Among the main points coming out of the seminar, held at Jamaica Pegasus hotel last Thursday, was that most Jamaicans are either uninsured or underinsured, and that most persons are more concerned about getting rich rather than to cease doing the things that make them poor.

The seminar, which was part of activities commemorating Scotiabank's 130th anniversary, sought to encourage Jamaicans to plan for their financial well-being and invest early to reap greater rewards.

Scotia's vice-president for sales and service for insurance, wealth management and investments, Debra Lopez-Spence, in highlighting the fact that most Jamaicans are either uninsured or underinsured, described this as a very precarious position for any individual.

“People insure their cars, house, contents but are reluctant to insure their lives,” Lopez-Spence declared.

She underscored the importance of insurance, particularly for those entering retirement age as well as those left behind by deceased loved ones.
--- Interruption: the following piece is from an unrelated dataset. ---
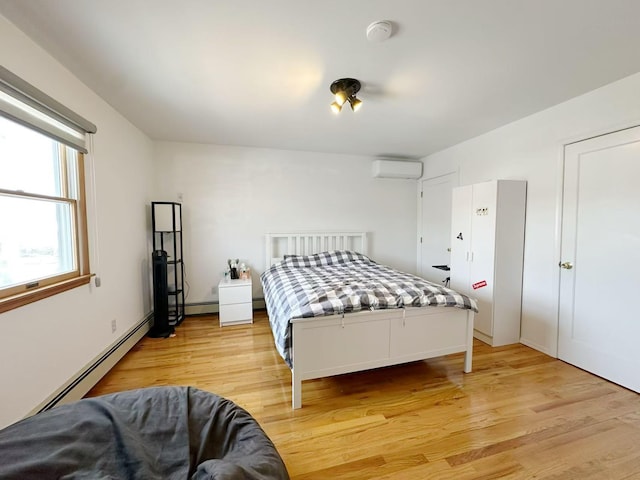 bedroom featuring light wood-style floors, a baseboard radiator, and a wall mounted AC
Speaking under the theme, 'Building Blocks for Financial Planning', Lopez-Spence went through the process of emergency planning, insurance planning, and investment planning.
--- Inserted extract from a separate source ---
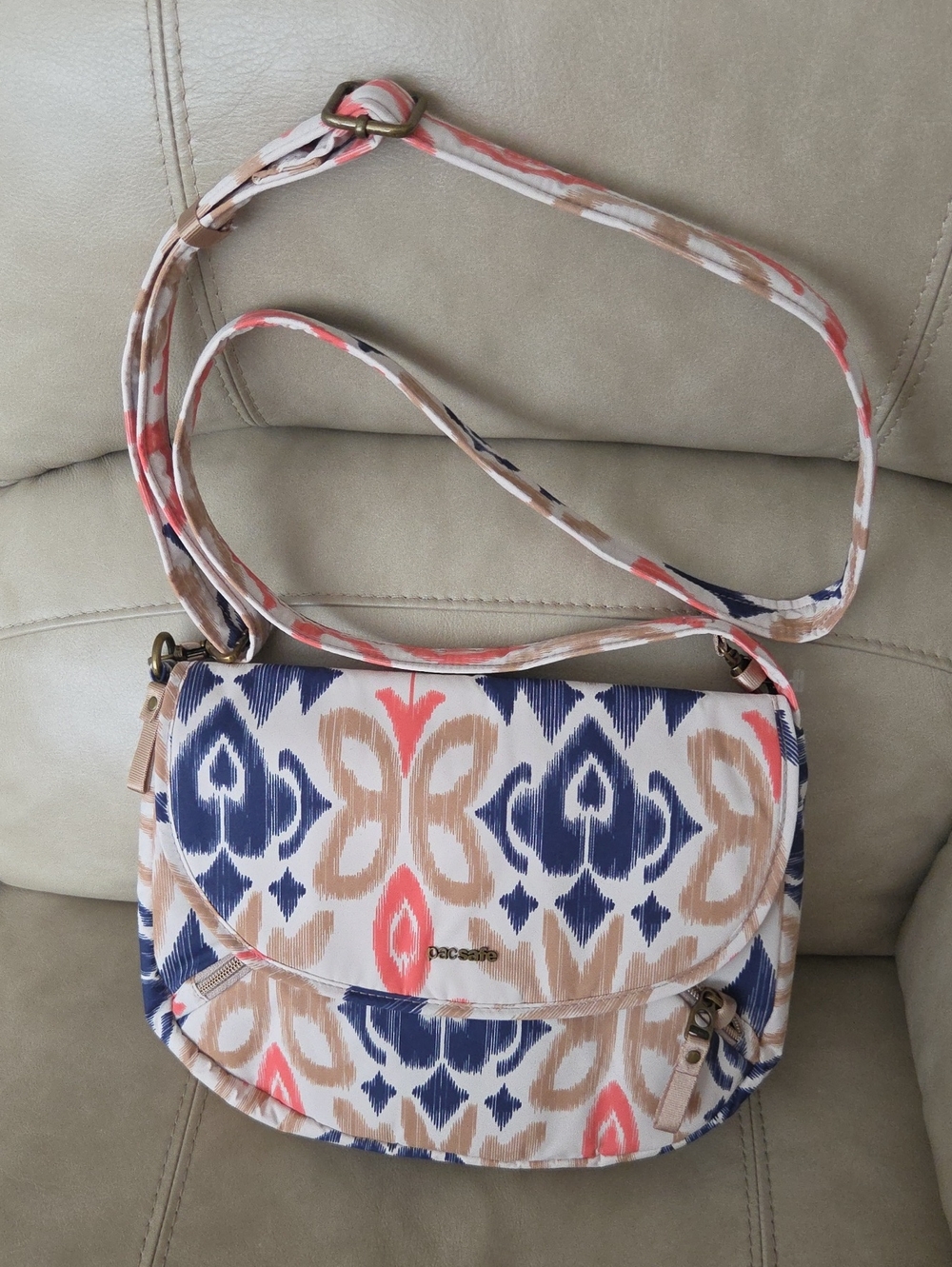 Pacsafe Patterned Crossbody Bag in Navy Coral Tan Adjustable Strap Lightweight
She identified the keys to investing as, “investing early, invest regularly, stay invested, and diversify by investing in more than one asset classes to smooth out financial bumps”. International action coach, Marcia Won Choy, who also spoke at the seminar on the topic 'Developing a Winning Mindset', emphasised changing one's lifestyle to guarantee success in life.

“It's not about getting rich but stop doing the things that make your poor,” Woon Choy offered, pointing out that “a goal is a dream with a deadline so believe it is possible…and don't allow fear to overcome your financial independence.” She posited that once fear is present “there will be chaos and paralysis, but when you have faith, there is clarity, achievement and power”.
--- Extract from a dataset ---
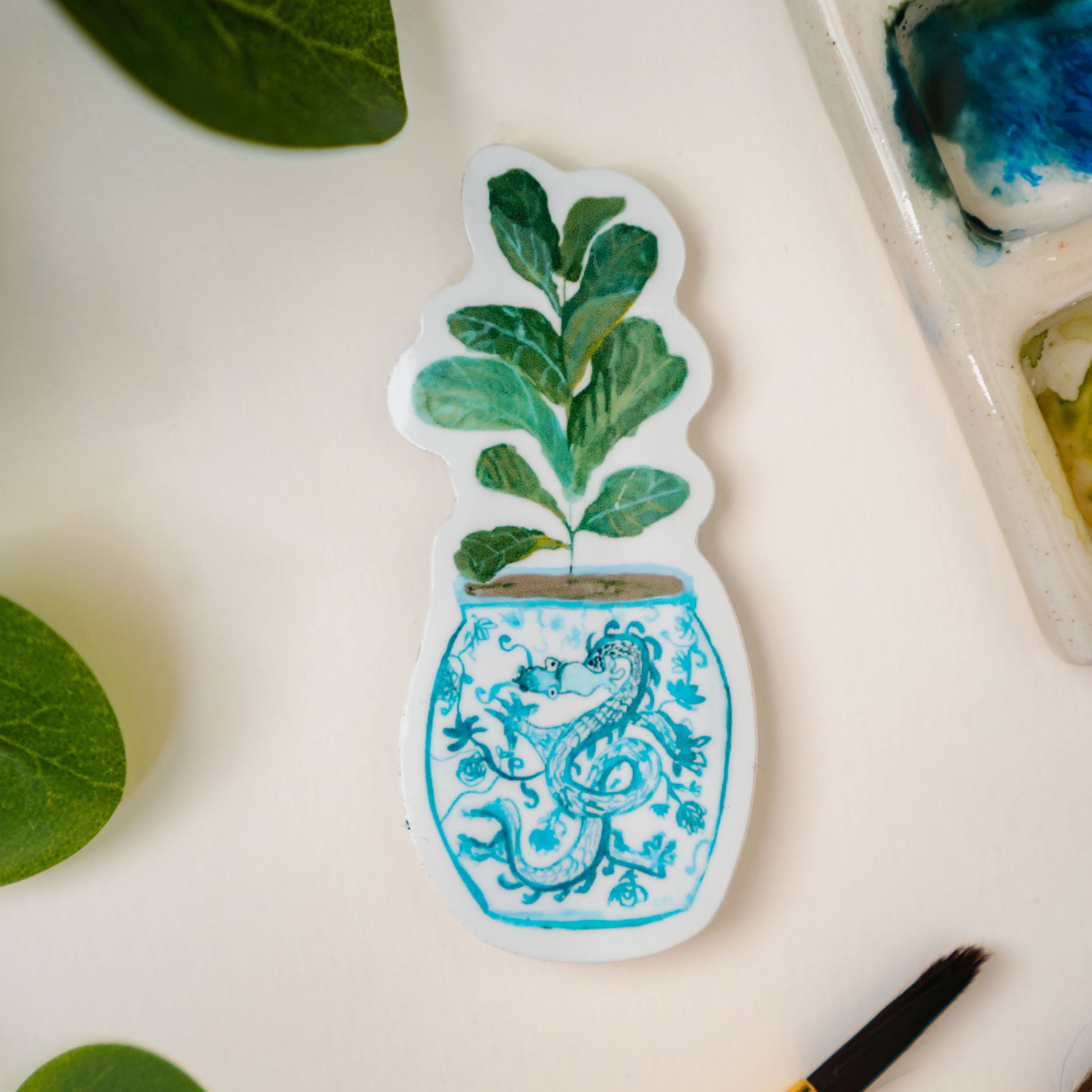 A sticker of a fiddle-leaf fig plant in a blue and white porcelain vase, decorated with a dragon.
Turning to investment, the international action coach underlined that this takes time, therefore it is imperative to start now and be disciplined in investing, savings, budgeting, and spending.

She encouraged Jamaicans to start executing their financial wellness plan now with the right partners, tools, and resources to assist them in attaining financial independence, such as a net worth calculator.

Scotia bank vice-president for retail banking, Audrey Tugwell-Henry encouraged individuals in attendance to be consistent in their savings and prioritise their finances, carefully manage their debts, and earn while they spend.

In devising a financial wellness plan, she advised that individuals consult a financial advisor as well as secure their assets and financial records.

Also, present at the seminar was president and chief Executive Officer at Scotia, David Noel.